5. On peut en déduire que le scepticisme, d’après lequel rien du monde extérieur ne peut être su avec certitude pas même qu’il est extérieur, est une doctrine dépourvu de sens, de valeur théorique,  une « excentricité sans conséquence » : l’existence d’un noyau dur de croyances communes relatives au monde extérieur fait du scepticisme un non -sens et une position non tenable, une non-position philosophique à vrai dire, en contradiction avec le socle de nos certitudes. Un doute généralisé à l’égard du monde a d’autant moins de sens que tout doute présuppose un arrière plan de convictions préalables. Un doute ne peut trouver de sens que dans un jeu de langage incluant un certain nombre de certitude de base. « Le jeu du doute présuppose la certitude. » (DC §114-115). Il ne peut y avoir de doute que suscité par des raisons et situé, et jamais un doute global et universel. Mais en dernier lieu, même si un doute sceptique est possible et concevable, (il n’est pas impossible qu’une personne soit saisi d’un doute en franchissant le seuil de son domicile et s’imagine qu’il y un abîme au-delà de la porte d’entrée)  il n’a pas de fonction, de sens, de rôle à jouer et d’intérêt dans le jeu de langage et doit être réinterprété méthodologiquement comme la disponibilité propre au jeu de langage à s’ouvrir à du nouveau et à intégrer de nouvelles significations.

 

6. Au commencement, il y a donc ce corps de certitudes au fondement de nos jugements. 

6.1. Ce fondement n’est en aucune façon rationnel ou transcendantal et indépendant de ce qu’il fonde : il en bien plutôt solidaire et désigne moins une condition de possibilité a priori du savoir que la nature première dans laquelle s’originent et prennent corps nos connaissances. Ainsi l’enfant acquiert sans s‘en apercevoir, dans le cadre des apprentissages concrets, transmis par le langage, des certitudes fondamentales. Elles sont tacites, coulent de source, ne se disent pas mais se montrent.

6.2. La certitude qu’il y a là une chaise s’exprime moins  à la façon de Moore dans la proposition« je sais qu’il y a une chaise » que par l’action de s’asseoir, tout comme l’enfant sait qu’il y a des livres en allant les chercher dans une bibliothèque ; il y a une dimension nécessairement pratique des certitudes énoncées dans le langage.
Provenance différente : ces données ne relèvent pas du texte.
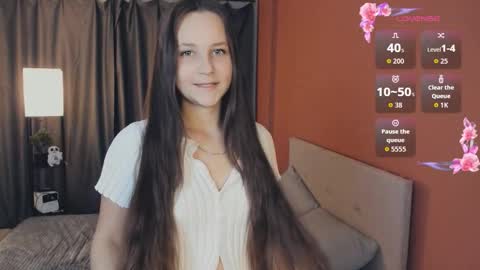 May online show from 11/29/25, 03:15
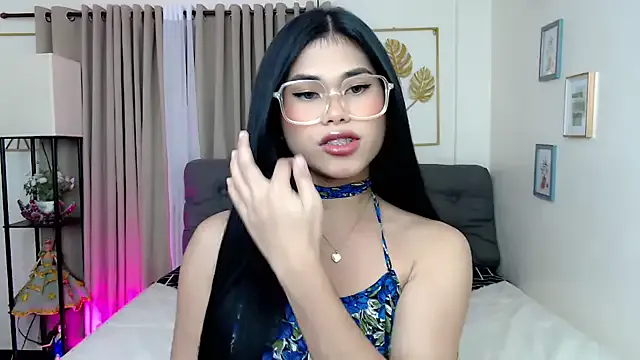 LadySugar – webcam model profile photo Image 11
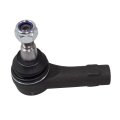 Tie Rod End For Porsche Cayenne 2008 2018 Front Driver Side Outer Non Greasable Adjustable Replacement 7l0422817b 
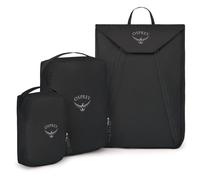 Osprey - Ultralight Starter Set - Stuff sack size 1,5/4/6 l, black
Nos certitudes fondamentales, loin d’être des éléments de fondation, trouvent leur ancrage des les pratiques humaines et sont adossées à nos actions. : «le terme, c’est notre action qui se trouve à la base du jeu de langage. » (DC, §204). Le langage, calé sur nos actions, ne repose donc pas sur la rationalité ; les certitudes primitives qui s’expriment en lui s’enracinent dans nos formes de vie. Le système de nos certitudes, relevant d’une origine autre que rationnelle, a une dimension anti-intellectualiste. C’est dans le cadre de l’acquisition de jeux de langage et des certitudes assimilées, incarnées et pratiquement éprouvées que quelque chose comme un doute peut prendre place. La pratique devient, d’une certaine façon, la mesure de la certitude. C’est une rupture majeure avec la conception subjective, psychologique, intérieure de la certitude comme évidence chez Descartes. Une telle approche de la notion de certitude participe de l’esprit réaliste qui caractérise Wittgenstein.

7. L’analyse de l’œuvre est complétée par un choix et un commentaire judicieux d’extraits de textes. On y trouvera aussi un petit glossaire des conceptsfondamentaux du philosophe.
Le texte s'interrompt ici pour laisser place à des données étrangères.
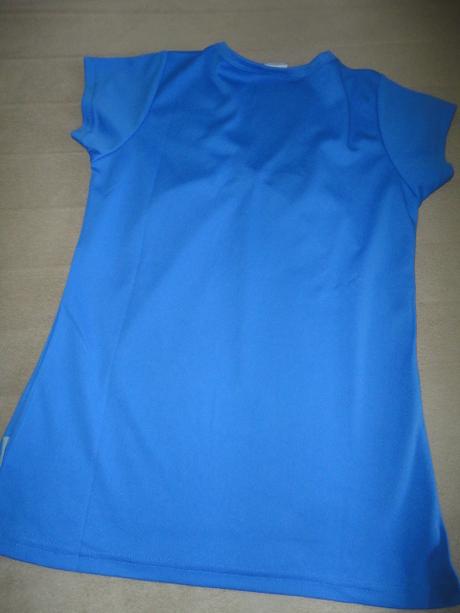 V top stavu sportovní triko trespass, vel. s/m, m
Cette présentation du troisième chef d’œuvre de Wittgenstein constitue une excellente introduction et initiation à la pensée du philosophe, restituée par Elise Marrou avec une très grande clarté et une pédagogie remarquable. Ce commentaire est une invitation à lire et découvrir De la certitude. Rappelons que Ludwig Wittgenstein est un auteur au programme de philosophie des classes de terminale et contribue sensiblement au renouvellement de la réflexion sur le langage, la vérité et ses critères, les rapports de la raison au réel, etc.